§ **EXERCISE OBJECTIVE**
Below are some records; quote exactly the lines from the one that contains "Vegan Spinach Artichoke Pizza #pizza #vegan" through the one that contains "Electric Circuits Crossword", inclusive, and no others.

THE DATA Start Marker

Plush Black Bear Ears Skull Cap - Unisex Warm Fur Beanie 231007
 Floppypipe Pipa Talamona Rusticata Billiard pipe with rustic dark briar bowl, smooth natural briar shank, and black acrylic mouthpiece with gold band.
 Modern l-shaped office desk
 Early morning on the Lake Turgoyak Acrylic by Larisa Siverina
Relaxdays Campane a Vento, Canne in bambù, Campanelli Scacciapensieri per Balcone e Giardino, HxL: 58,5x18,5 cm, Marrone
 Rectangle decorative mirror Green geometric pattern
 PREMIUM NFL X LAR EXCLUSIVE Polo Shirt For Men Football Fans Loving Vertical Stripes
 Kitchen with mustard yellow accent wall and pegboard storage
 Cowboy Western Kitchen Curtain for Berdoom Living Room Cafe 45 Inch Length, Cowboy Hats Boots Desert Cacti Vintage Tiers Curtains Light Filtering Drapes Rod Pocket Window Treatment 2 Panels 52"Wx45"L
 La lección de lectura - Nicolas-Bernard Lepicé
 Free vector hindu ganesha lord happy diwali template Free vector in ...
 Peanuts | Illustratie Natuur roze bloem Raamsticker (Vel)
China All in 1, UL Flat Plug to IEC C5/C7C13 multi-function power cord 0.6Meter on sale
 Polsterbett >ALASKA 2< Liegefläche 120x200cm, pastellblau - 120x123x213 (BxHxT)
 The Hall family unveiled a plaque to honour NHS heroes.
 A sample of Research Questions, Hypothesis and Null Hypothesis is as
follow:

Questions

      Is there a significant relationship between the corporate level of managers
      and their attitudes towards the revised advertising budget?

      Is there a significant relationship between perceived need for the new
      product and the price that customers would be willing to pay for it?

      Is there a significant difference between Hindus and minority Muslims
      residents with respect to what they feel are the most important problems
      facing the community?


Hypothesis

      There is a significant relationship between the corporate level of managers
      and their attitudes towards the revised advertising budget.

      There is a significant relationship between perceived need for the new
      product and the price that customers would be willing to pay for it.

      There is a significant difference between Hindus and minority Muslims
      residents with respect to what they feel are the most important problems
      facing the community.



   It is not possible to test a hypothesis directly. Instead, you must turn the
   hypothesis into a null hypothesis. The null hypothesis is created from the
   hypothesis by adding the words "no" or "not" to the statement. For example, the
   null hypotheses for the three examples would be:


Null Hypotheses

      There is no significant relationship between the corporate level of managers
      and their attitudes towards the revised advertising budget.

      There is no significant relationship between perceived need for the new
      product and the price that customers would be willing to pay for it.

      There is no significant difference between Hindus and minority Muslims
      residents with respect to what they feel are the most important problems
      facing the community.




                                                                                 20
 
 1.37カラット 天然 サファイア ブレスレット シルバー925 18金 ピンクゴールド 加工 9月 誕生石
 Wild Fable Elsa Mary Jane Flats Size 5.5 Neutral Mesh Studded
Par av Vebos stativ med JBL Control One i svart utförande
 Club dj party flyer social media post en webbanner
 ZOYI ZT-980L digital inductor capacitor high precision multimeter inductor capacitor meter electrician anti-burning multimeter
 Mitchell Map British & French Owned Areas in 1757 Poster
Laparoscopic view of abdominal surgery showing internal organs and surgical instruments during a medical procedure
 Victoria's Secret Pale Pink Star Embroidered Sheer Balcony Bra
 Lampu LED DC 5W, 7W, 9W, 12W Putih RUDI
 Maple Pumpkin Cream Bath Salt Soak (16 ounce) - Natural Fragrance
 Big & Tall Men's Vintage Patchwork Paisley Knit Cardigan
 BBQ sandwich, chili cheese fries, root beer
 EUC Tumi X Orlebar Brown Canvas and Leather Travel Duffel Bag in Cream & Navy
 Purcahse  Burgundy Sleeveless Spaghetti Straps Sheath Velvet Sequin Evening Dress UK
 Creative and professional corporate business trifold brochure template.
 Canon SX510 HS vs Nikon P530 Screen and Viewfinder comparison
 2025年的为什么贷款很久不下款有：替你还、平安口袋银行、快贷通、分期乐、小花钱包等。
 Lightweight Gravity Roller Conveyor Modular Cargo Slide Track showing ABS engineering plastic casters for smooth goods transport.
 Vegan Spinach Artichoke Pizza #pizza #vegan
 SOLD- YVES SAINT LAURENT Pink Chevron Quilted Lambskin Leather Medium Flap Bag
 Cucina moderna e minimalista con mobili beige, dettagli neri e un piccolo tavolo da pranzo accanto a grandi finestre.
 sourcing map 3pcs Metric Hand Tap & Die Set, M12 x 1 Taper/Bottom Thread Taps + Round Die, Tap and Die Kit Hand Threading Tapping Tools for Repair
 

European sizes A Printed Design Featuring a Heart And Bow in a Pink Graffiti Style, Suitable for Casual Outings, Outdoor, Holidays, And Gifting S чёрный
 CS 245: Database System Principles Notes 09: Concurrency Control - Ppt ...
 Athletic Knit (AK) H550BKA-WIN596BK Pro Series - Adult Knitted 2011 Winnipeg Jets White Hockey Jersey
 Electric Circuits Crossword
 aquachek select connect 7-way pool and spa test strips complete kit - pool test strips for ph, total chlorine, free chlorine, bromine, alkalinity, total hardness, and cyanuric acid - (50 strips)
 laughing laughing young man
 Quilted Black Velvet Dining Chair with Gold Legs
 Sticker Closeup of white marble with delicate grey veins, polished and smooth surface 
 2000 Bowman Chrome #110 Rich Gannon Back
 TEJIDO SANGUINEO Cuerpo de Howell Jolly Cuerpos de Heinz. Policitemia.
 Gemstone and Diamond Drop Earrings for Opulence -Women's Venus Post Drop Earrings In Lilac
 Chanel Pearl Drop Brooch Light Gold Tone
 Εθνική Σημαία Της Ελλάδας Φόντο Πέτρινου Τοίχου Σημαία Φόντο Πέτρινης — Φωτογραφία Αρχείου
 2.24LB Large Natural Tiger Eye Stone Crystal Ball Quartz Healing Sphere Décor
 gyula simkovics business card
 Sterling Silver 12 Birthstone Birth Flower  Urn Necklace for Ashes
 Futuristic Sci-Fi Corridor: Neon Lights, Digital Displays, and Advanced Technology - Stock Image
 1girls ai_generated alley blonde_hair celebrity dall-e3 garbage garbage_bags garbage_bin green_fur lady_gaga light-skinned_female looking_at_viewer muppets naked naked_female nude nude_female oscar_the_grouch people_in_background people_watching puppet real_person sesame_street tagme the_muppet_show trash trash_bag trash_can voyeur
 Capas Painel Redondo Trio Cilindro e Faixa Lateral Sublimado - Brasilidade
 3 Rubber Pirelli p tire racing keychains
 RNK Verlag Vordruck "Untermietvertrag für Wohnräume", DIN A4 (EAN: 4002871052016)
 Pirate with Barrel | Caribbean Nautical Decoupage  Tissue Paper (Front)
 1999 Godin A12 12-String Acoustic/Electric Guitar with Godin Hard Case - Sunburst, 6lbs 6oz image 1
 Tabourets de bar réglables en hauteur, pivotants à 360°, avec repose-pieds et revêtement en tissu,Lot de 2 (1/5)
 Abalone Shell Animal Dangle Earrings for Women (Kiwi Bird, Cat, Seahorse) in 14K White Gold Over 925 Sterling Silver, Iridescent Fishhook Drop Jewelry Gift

THE DATA End Marker

§ **TASK RESULT**
 Vegan Spinach Artichoke Pizza #pizza #vegan
 SOLD- YVES SAINT LAURENT Pink Chevron Quilted Lambskin Leather Medium Flap Bag
 Cucina moderna e minimalista con mobili beige, dettagli neri e un piccolo tavolo da pranzo accanto a grandi finestre.
 sourcing map 3pcs Metric Hand Tap & Die Set, M12 x 1 Taper/Bottom Thread Taps + Round Die, Tap and Die Kit Hand Threading Tapping Tools for Repair
 

European sizes A Printed Design Featuring a Heart And Bow in a Pink Graffiti Style, Suitable for Casual Outings, Outdoor, Holidays, And Gifting S чёрный
 CS 245: Database System Principles Notes 09: Concurrency Control - Ppt ...
 Athletic Knit (AK) H550BKA-WIN596BK Pro Series - Adult Knitted 2011 Winnipeg Jets White Hockey Jersey
 Electric Circuits Crossword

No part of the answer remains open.